There are certain things that come with adulthood that you know about, but remain mysterious in youth: taxes, mortgages, cooking real meals, figuring out how to make friends outside of classrooms or clubs, and most importantly, the drama that continues to permeate life.

There’s no magical switch that flips when you become an adult, who lives in the professional and serious world, to eliminate drama between people. There’s always someone, whether it be a coworker or a neighbor, that has free time to stir the pot. If you’re not the stirrer, you’re getting punched in the face with the childhood and high school drama amplified into a world without mediators.

People can be insane, truly psychotic, and incredibly bored. A lot of the drama that you’ll encounter, especially moving into new apartments and finding new jobs, is petty. Petty drama, however, can be more stress-inducing than we realize.

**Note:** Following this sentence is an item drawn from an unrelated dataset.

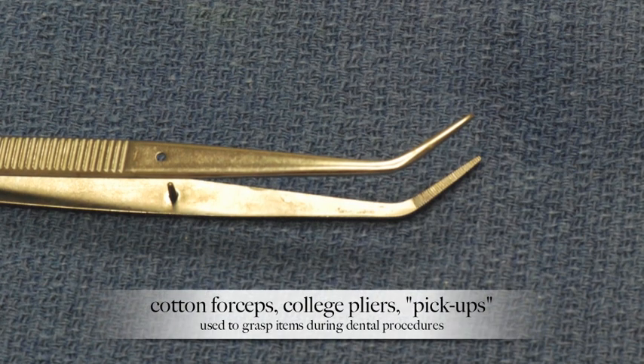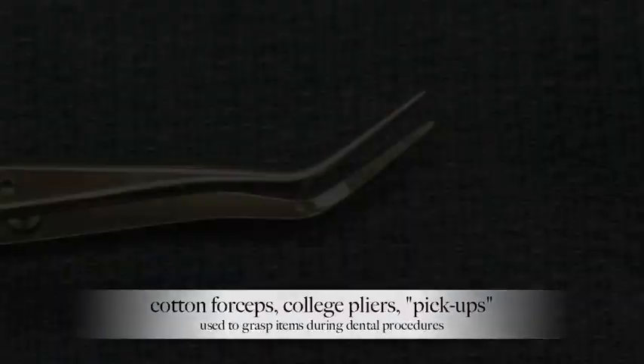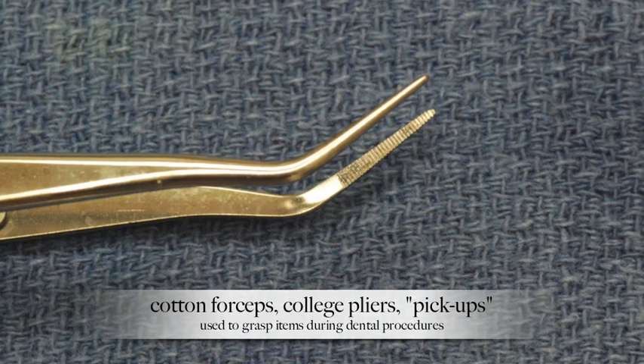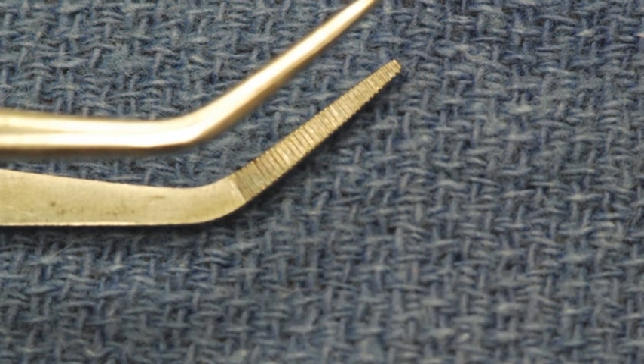The next instruments are called college pliers, also called cotton forceps, or in some circles called pickups. These are a multifunctional instrument and they are used for grasping many small items both outside the mouth and inside the mouth.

Having a neighbor who is up all night with loud music or barking dogs can make it hard to sleep, hard to function, and hard to imagine pleasant scenarios in which said neighbor is involved. Having a coworker who undermines your work or who tries to (god forbid) engage in gossip is distracting to your professional goals, erosive to your morale, and above all, damaging to your performance.

The question, then, becomes “What do I do about it?”

The answer is simple: you speak up! More often than not, all you need to do to fix a situation is have a dialogue about it. Now, granted, sometimes there are folks who truly want a duel (and I do not know how to handle that due to my lack of experience), but most people are acting in ignorance; they do not know the consequences of their actions on those around them.

For the sake of facilitation to action, here are 5 steps you can take to get closer to resolving any conflict you come into contact with.

1. Get their number before anything happens

It would be such a shame if a simple text could end a problem and it instead blows up into a catastrophe. Make sure when moving in somewhere new that you’re introducing yourself to new neighbors. Not only is this a smart way to connect with some people close by, but it might also save you in a tricky situation. In my experience, a quick text that asks for a dial down to the volume usually results in a “sorry, you got it!” and the problem is solved.

2. Keep it direct and polite, not nice

Being nice is awesome, but it can also be misleading. If you’re not getting to the point, don’t waste your breath or your energy. People understand direct communication, but passive aggressive communication will only lead you to become angrier when it was not understood by the other party. There’s no need to be rude, but as polite and to-the-point as you can get is the best route possible that leaves no wiggle room for misinterpretation.

3. Don’t try to “get even”

The worst thing you can do is engage crazy with more crazy. You shouldn’t ever one-up a neighbor’s loud speakers with your even-louder speakers because eventually, you’ll end up pissing off the wrong person and it’s going to escalate to a point of no return.

4. Stop putting it off

Life happens and we get busy; petty drama isn’t always on the top of a priority list. If you continue to put it off, however, your boundaries become drawn for you by the person who is pushing them. The quicker you can take initiative, the faster the problem will be resolved.

5. When it reaches a point, find a source of help

If, for some reason, all of these tips only lead to a giant feud (which they won’t) that’s spiraling out of control, get help. Police and RAs respond to noise complaints, bosses and managers don’t respect an employee who destroys another to uplift him or herself, and people, on occasion, only listen to authority that demands to be heard. If the situation is out of control and your daily life is being impacted negatively because of it, seek help.

Adulthood is great, no doubt, but part of it is navigating those around us. With some mature and practiced skills, it gets easier to resolve your conflicts and different methods work for different people. All I can ask is that you please, please don’t become the passive aggressive type; those people will destroy the world.